Original Reporting | By Kevin C. Brown |

In addition to cultivating a sense of the prestigious nature of getting a job in these industries, Lovett added that “what we have found with working with students is that [part of] the lure of finance and consulting…is that students go through a clear recruiting process.”

“That element of competition — whether it’s real or artificial — creates a sense of prestige.” — Travis Lovett

Andrew Simmons agreed. The director of Brown University’s Center for Careers and Life After Brown (CareerLAB), Simmons told Remapping Debate, “the finance group…[has] a certain structure to it that looks appealing, because they come to campus, they do formal recruiting. It seems more straightforward than what a traditional job hunt would otherwise be like.”

“The way it works on our campus,” Simmons said, is “you can come to our center, and you can do on-campus interviewing, and you post your job through our searchable database. You can run info sessions, and you can also attend career fairs.” In addition, however, “a lot of these entities will also have developed relationships in other places on campus, either through student ambassadors who have been interns with those companies, or perhaps with course instructors…so it works on the radar and a little bit below the radar.”

 “The big banking and consulting firms, and maybe Teach for America, are the ones who engage with this the most, and the big technology firms as well,” he added.

 

A clear path

When it comes to filling out an application, the “the process is very easy…[human resources departments] make applying to financial services look like applying to college in such a way that it seems like a logical next step,” said Chris Wiggins, an associate professor in the Department of Applied Physics and Applied Mathematics at Columbia University.

Finance companies come to campus, they do formal recruiting. It seems more straightforward than what a traditional job hunt would otherwise be like.” — Andrew Simmons

Not all of the activity that draws students to these sectors takes place in the final months before graduation.
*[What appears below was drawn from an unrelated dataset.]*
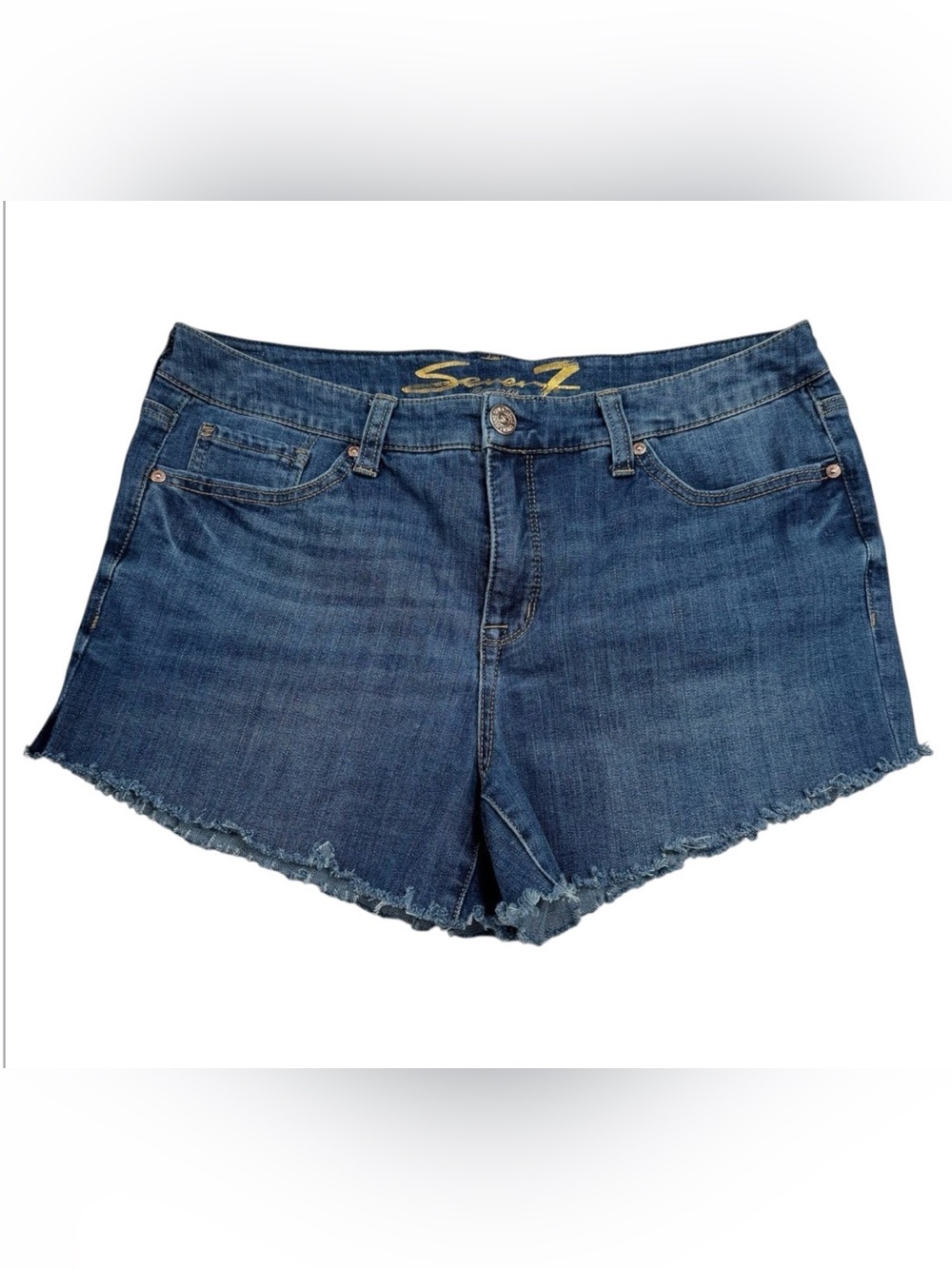 Seven7 Dark Blue Denim Jean Shorts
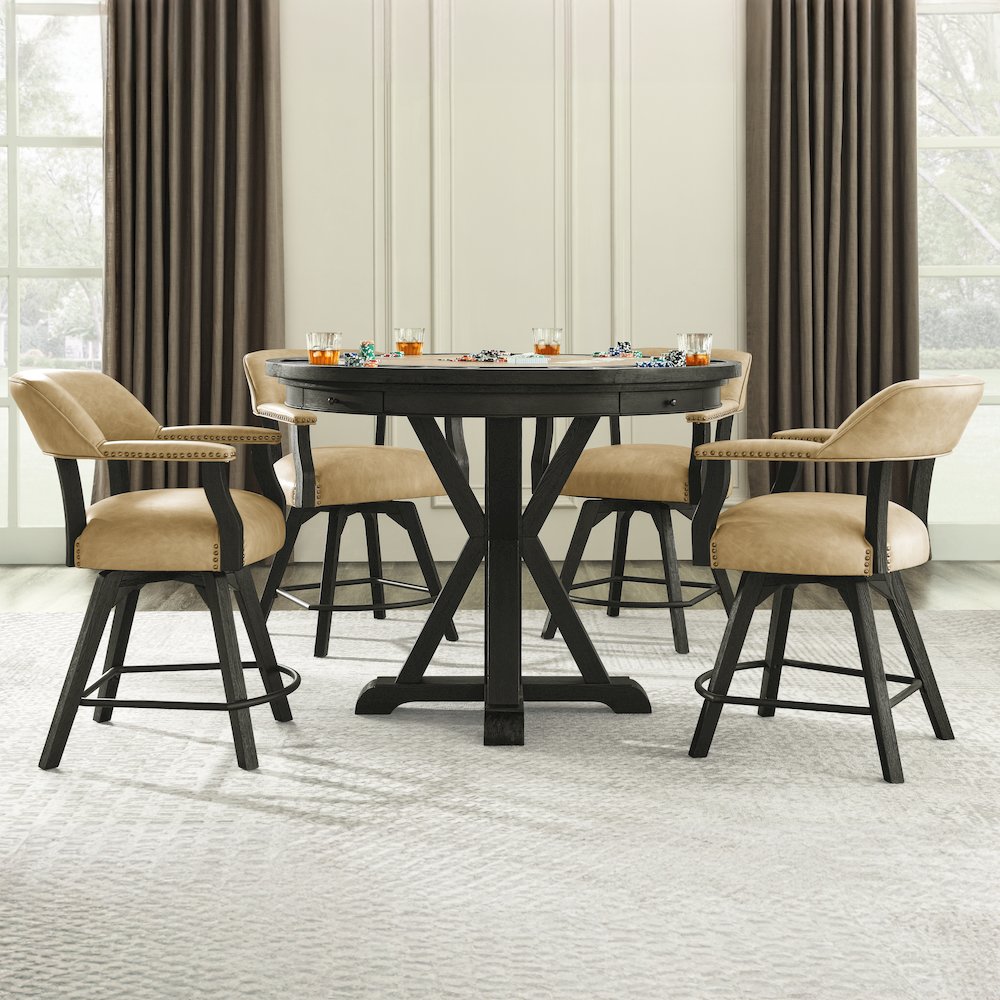 Rylie Counter Table with Game Top, Black Finish with Sand Vegan Leather. Picture 6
As Karen Ho told Remapping Debate, though many students may have a dim view of finance before entering college, students “are pretty much bombarded when [they] start [their] freshman year,” both by the campus culture and events hosted by campus clubs, or by advertisements in campus newspapers.

More directly influential, said Tim McManus, is the role that summer internships for undergraduates play in getting students interested in particular companies or economic sectors early in their academic careers: Finance firms “get the students early as well. So they are not waiting to try to get those students until they are a junior or senior when it is actually time to start thinking about a job, they are actually trying to get to students earlier in their college careers so that they are actually setting the path forward.”

Companies say, “’Come and work for us for a summer: You are going to find out first hand what it is like to work in this industry,’” McManus said.

Indeed, Goldman Sachs told Remapping Debate, its Summer Internship Program is “the key feeder” for its “full-time analyst and associate roles.” The program allows Goldman to “evaluate talent,” but also for undergraduate interns to “determine if the firm is a place where they want to build their careers over the long term.”

Collectively, these recruiting efforts have paid off for financial services and consulting firms. At Harvard, for example, 22 percent of surveyed graduating seniors had found employment in finance or consulting in 2012. By contrast, just 5 percent of students planned to enter “government, military service, [a] non-profit agency, or NGO,” a number that does not include education.

 

What about the path (currently) less traveled?

“To the extent that these students come with broad training, enthusiasm, resources…[and] can bring these tools to bear on the new institution they are a part of,” said Karen Ho,  “why shouldn’t government institutions take advantage of that?”

A 2011 survey of college students — conducted by the National Association of Colleges and Employers and subsequently analyzed by the Partnership for Public Service —  showed that only 6 percent were planning on working for local, state, or the federal governments. (Just 2.3 percent planned on entering the federal workforce.) It is plain, said Philip D. Gardner, the director of the Collegiate Employment Research Institute at Michigan State University, “Government is not necessarily the employer of first choice unless that is the only place you can go” given your career field (as in forestry or geology, for example).

One reason that new graduates haven’t flocked to government, said Steve Ressler, the founder of GovLoop, an online community for government employees that has also co-published an 88-page online guide entitled “Getting into Government: A Guide for High Achievers,” “is that they really don’t know about it. The average, smart 21-year-old coming out of SUNY-Albany doesn’t even know how the State of New York government works, or how to get a job at the City of Albany. And honestly, even if they tried, it is probably very complicated, confusing, and bureaucratic, which makes it hard for them to consider.”

On the other hand, he added, “The KPMG recruiter…is there knocking on their door, or the CitiBank recruiter…is there kind of pinching them.”